Of course in the real world, the test groups are never perfectly symmetrical (Fig. 2). A given test group never takes the same amount of time as the others, and that time may vary depending on the response from the DUT.
As you can see in Figure 2, some idle periods exist when one DUT may not be finished with a set of test resources at the time another DUT is ready for those same resources. For example, the test system first allocates the necessary resources for performing test A to DUT 1, followed by allocation to DUT 1 of the resources necessary for test B. When DUT 1 no longer requires the test A resources, the system allocates those resources to DUT 2.
Similarly, when DUT 1 finishes with the test B resources, the system allocates those resources to DUT 2. Note, however, that because test A requires less time than test B, DUT 2, having undergone test A, is ready for test B resources before DUT 1 is finished with them. Therefore, DUT 2 must wait for DUT 1 to finish with the hardware for B.
This example assumes that each DUT position shares the test equipment used for tests A, B, C, and D. A combination of shared (“critical”) and DUT-specific (“noncritical”) instruments can help to minimize the test gaps. Critical resources generally include expensive instruments that you don’t want to duplicate for each DUT position. But when determining which test resources should be shared and which should be dedicated, base your decision on more than just test-hardware costs. Try to allocate your equipment so there is little or no test gap for any DUT and little or no idle time for any test resource.
Formulating an Approach
Implementing an asynchronous testing scheme requires a different approach in certain processes from the one used in typical synchronous or parallel test strategies. For asynchronous testing, you must
• generate a separate test report for each DUT. Standard test reports typically contain a jumble of results for all DUTs. By creating a separate report for each DUT, you can group the information into an easy-to-read and easy-to-evaluate format.
• store the common outputs for each measurement in a common location, in addition to generating a separate report for each DUT. Because the idea is to test hundreds or thousands of DUTs and not just the number of DUT test positions available to the tester, logging each DUT position directly from the separate test reports would provide multiple logs of measurement results. To obtain a complete test history of all DUTs tested, the information will have to be combined into a common database.
• synchronize the DUTs’ requests for the instrumentation. With the appropriate synchronization, more than one DUT cannot access the same critical instrumentation at the same time. To synchronize the use of the equipment, you must assign a global semaphore flag to each instrument.
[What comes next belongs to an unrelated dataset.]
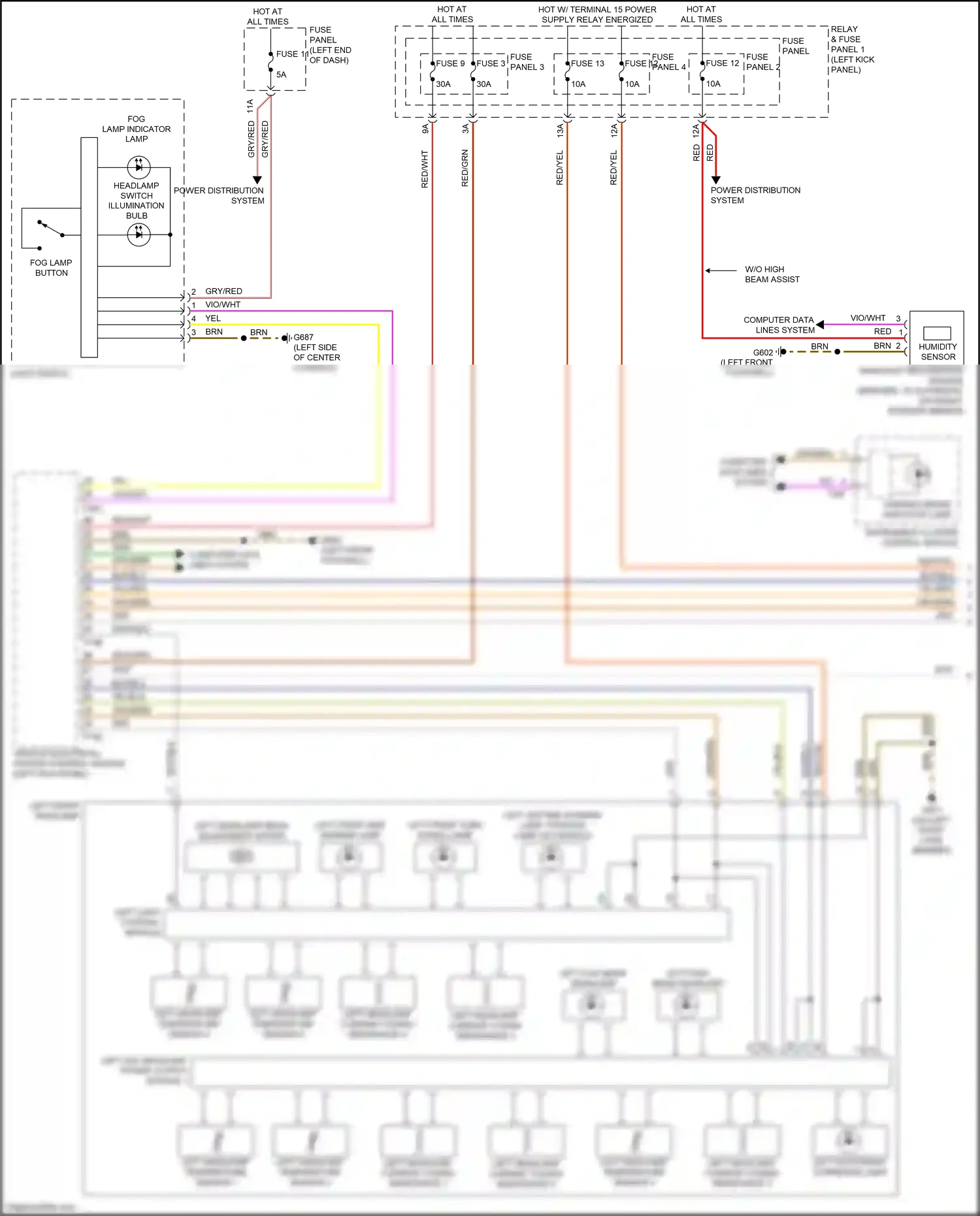 Wiring diagram left light control module for Audi RS5 F5 facelift (2019-2024) (5 of 6)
• devise a straightforward strategy for initializing and controlling the different measurement tasks (threads). A multithreaded environment is ideal for this task; when testing multiple DUTs, the main thread executes the main sequence, and then the main sequence spawns a new thread for each measurement channel.
• design a creative switching scheme and independent DUT-control mechanism. When designing the switching algorithm for test strategies that either use a common set of instrumentation to asynchronously test multiple DUTs or use multiple types of instrumentation to asynchronously test a single DUT, the switching must account for all possible simultaneous connections. A well-placed switching algorithm ensures complete test coverage with no gaps in testing due to switching.
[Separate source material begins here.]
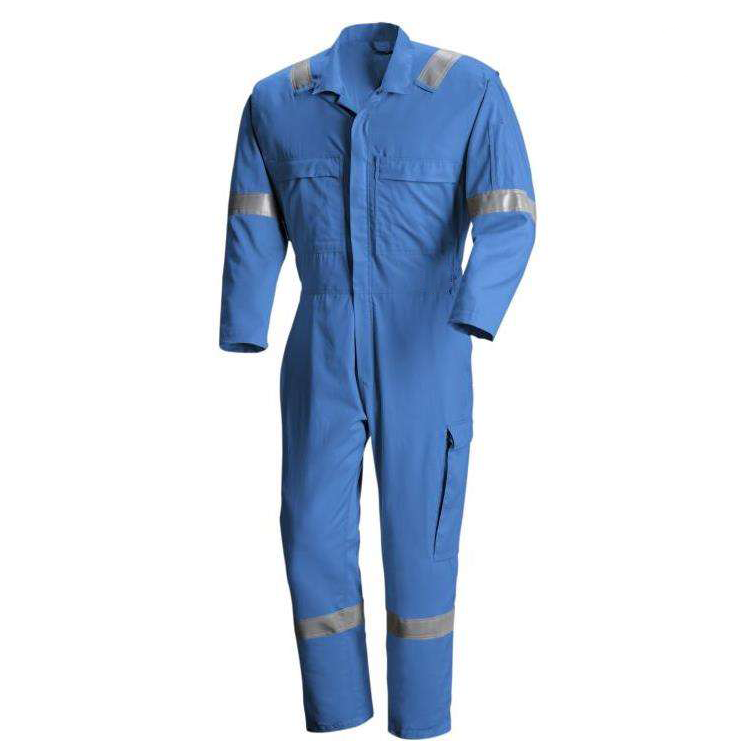 EN 11612 Custom Logo Men Cotton Work Safety Overalls Uniform Mechanic Reflective Workwear Flame Fire Retardant FRC FR Coveralls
Sequence Control Flow for Testing Multiple DUTs
A multithreaded test environment allows you to have multiple test processes running independently, so you can allocate critical test resources as needed. You can use a test executive for the task (see “Using a Test Executive for Asynchronous Testing”).

Figure 3. Using independent instruments to test on a DUT-by-DUT basis, a parent process spawns a test sequence for each DUT.

Figure 4. A multithreaded environment supports asynchronous testing of one DUT with different measurement channels.
As each DUT executes a critical test group, the test group is locked and then unlocked when the test group either completes or a time-out occurs because of an error. Once a critical test group locks, no other DUT can access those tests until the locking DUT unlocks the test group. Figure 3 illustrates how a multithreaded environment can support asynchronous testing of multiple DUTs.
In Figure 3, the main sequence, also called the parent process, loads and then spawns subsequences, which are also called child processes. When you are testing several DUTs at the same time with independent instruments, the main sequence (or parent process) executes the test on a DUT-by-DUT basis. Each DUT undergoes tests A through D. For this example, all the subtests defined by test A use the same set of test equipment for all DUTs; all of the subtests defined by test B use a different set of resources for all DUTs; and so on.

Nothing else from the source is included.